"""

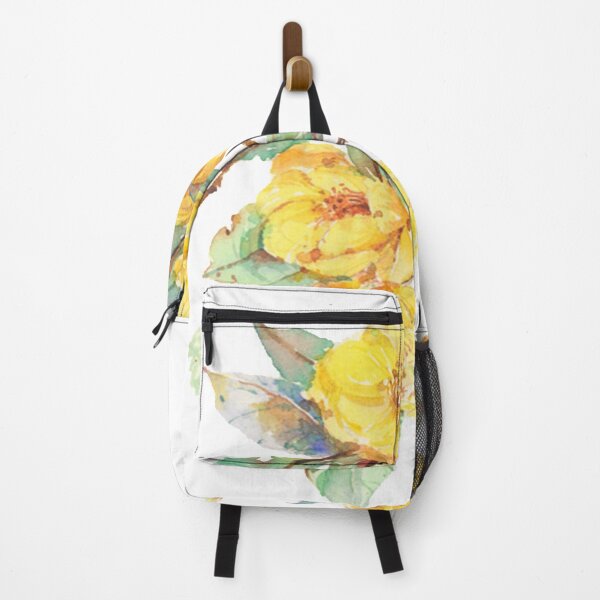 Item preview, Rose watercolor designed and sold by Bertoldis.
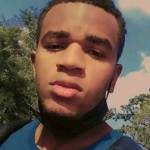 Pasha Vybz256 Profile Picture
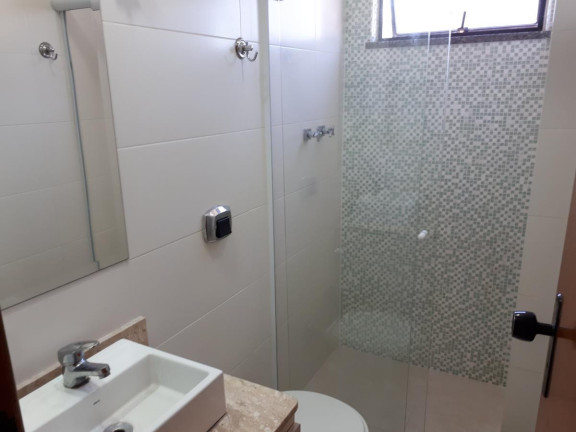 Imagem Apartamento com 2 Quartos à Venda, 85 m² em Freguesia (jacarepaguá) - Rio De Janeiro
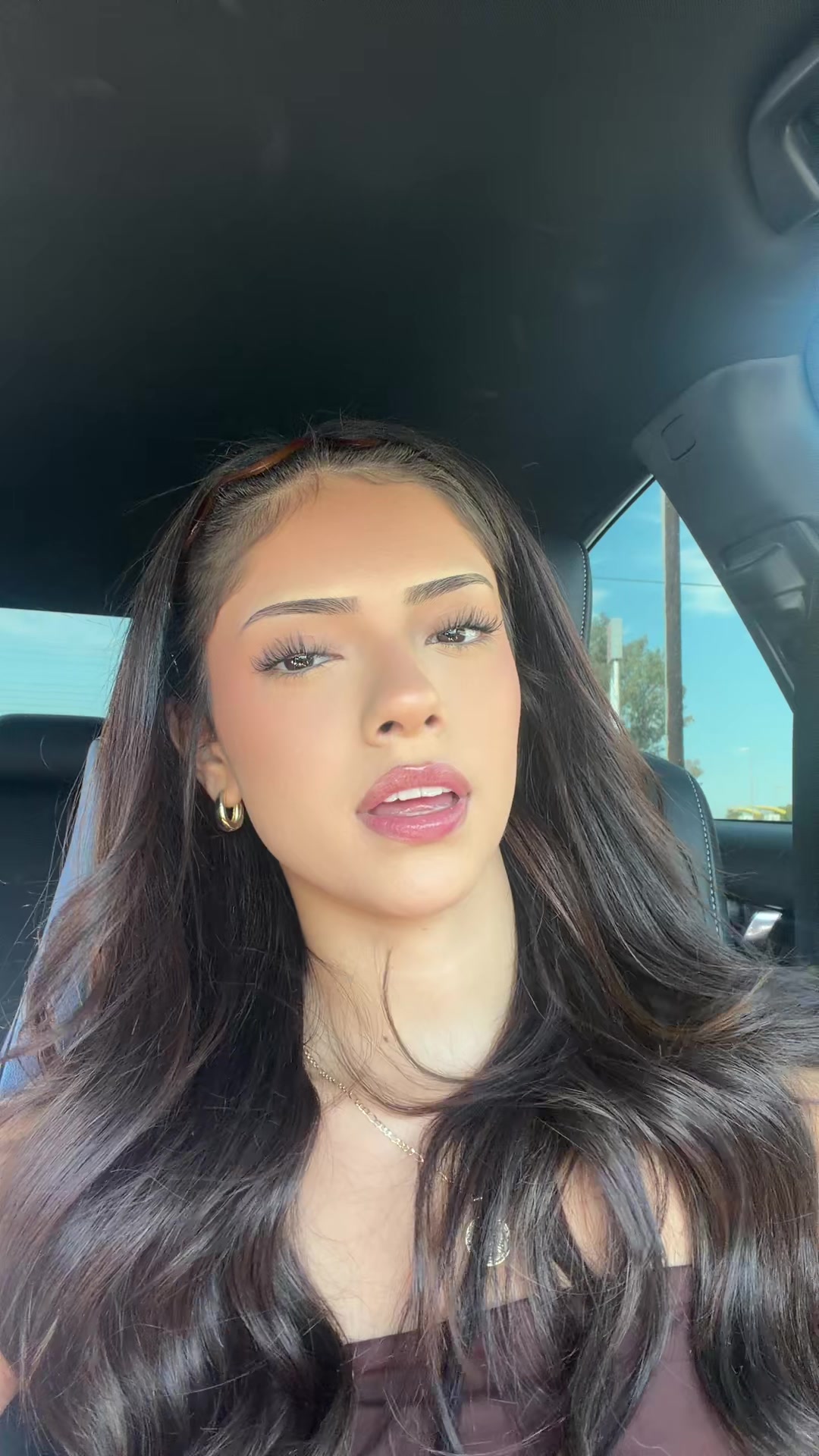 @𝐼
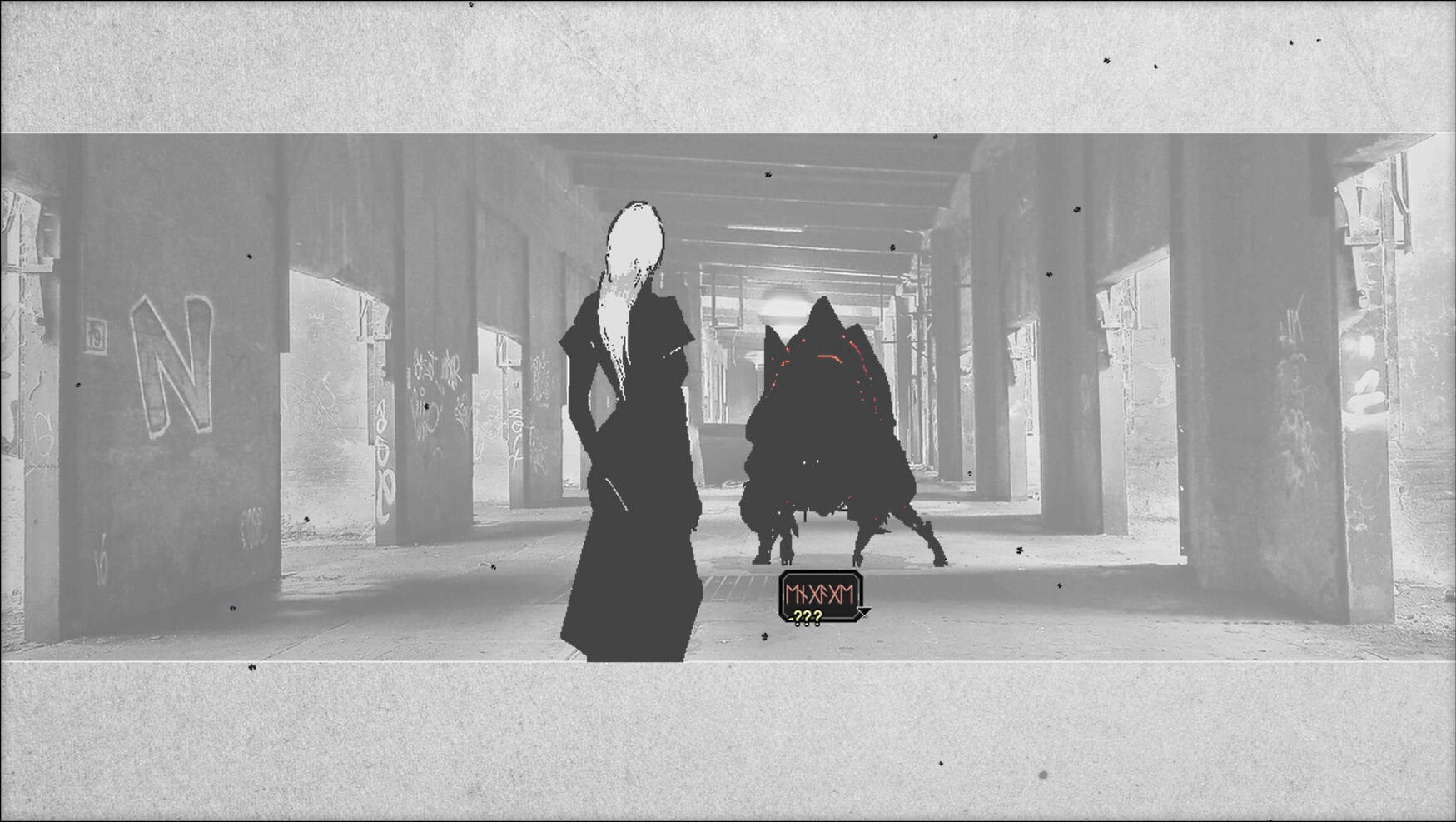 爱氏物语/Artis Impact-6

"""

Your answer must be the entries written out word for word, without their pictures.

* Solved exercise:
 Item preview, Rose watercolor designed and sold by Bertoldis.
 Pasha Vybz256 Profile Picture
 Imagem Apartamento com 2 Quartos à Venda, 85 m² em Freguesia (jacarepaguá) - Rio De Janeiro
 @𝐼
 爱氏物语/Artis Impact-6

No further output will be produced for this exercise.